§ TRY IT:
Reproduce the data in full, exactly as given, leaving images out.

§ SUPPLIED MATERIAL:
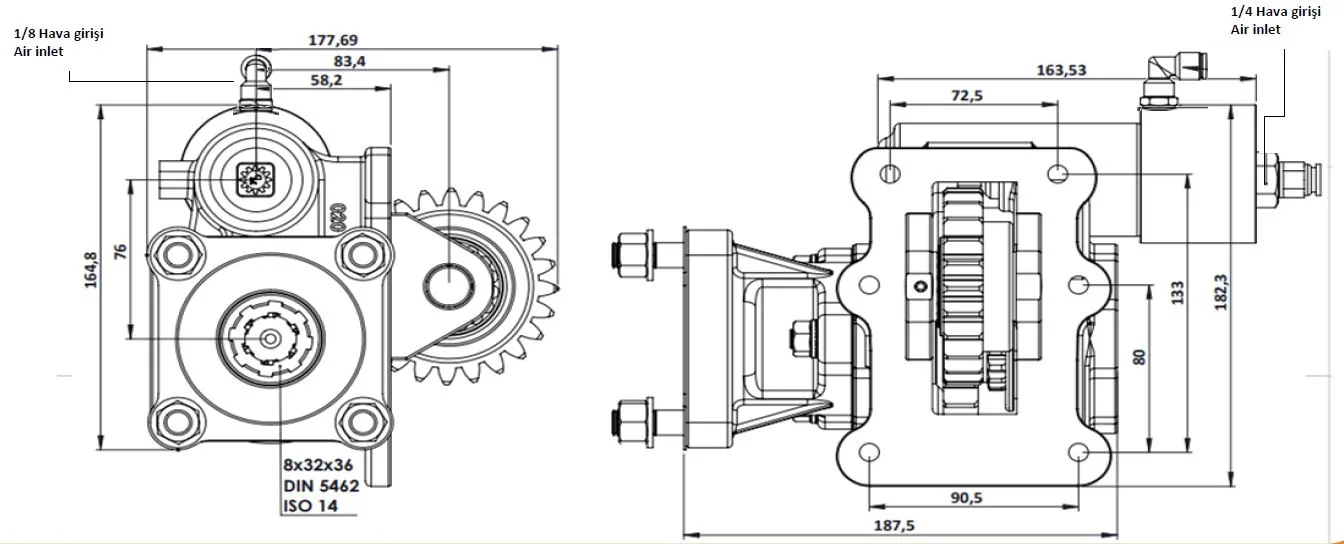 021 BC1 KV teknik çizimi — kesit, ölçü ve montaj şeması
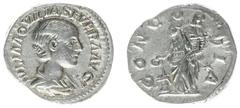 Roman Imperial Coinage Aquilia Severa (221) - AR Denarius (RomeAD 221, 2,66 g) - IVLIA AQVILIA SEVERA AVG, draped bust to right / CONCORDIA, Concordia, standing to left, sacrificing out of patera over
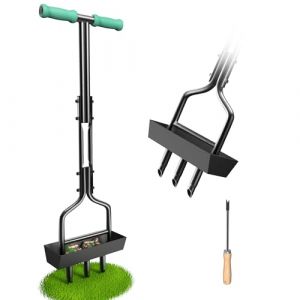 SUNEOWALY Aérateurs de Gazon Manuels, Aérateur de Pelouse Aérateur à Gazon Manuel Aérateur Gazon Aerateur Pelouse Core Aérateur avec Bac de Rangement et Outils de Jardin, Noir-Poignée Vert Foncé (Sunway Globe, neuf)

§ YOUR RESPONSE:
 021 BC1 KV teknik çizimi — kesit, ölçü ve montaj şeması
 Roman Imperial Coinage Aquilia Severa (221) - AR Denarius (RomeAD 221, 2,66 g) - IVLIA AQVILIA SEVERA AVG, draped bust to right / CONCORDIA, Concordia, standing to left, sacrificing out of patera over
 SUNEOWALY Aérateurs de Gazon Manuels, Aérateur de Pelouse Aérateur à Gazon Manuel Aérateur Gazon Aerateur Pelouse Core Aérateur avec Bac de Rangement et Outils de Jardin, Noir-Poignée Vert Foncé (Sunway Globe, neuf)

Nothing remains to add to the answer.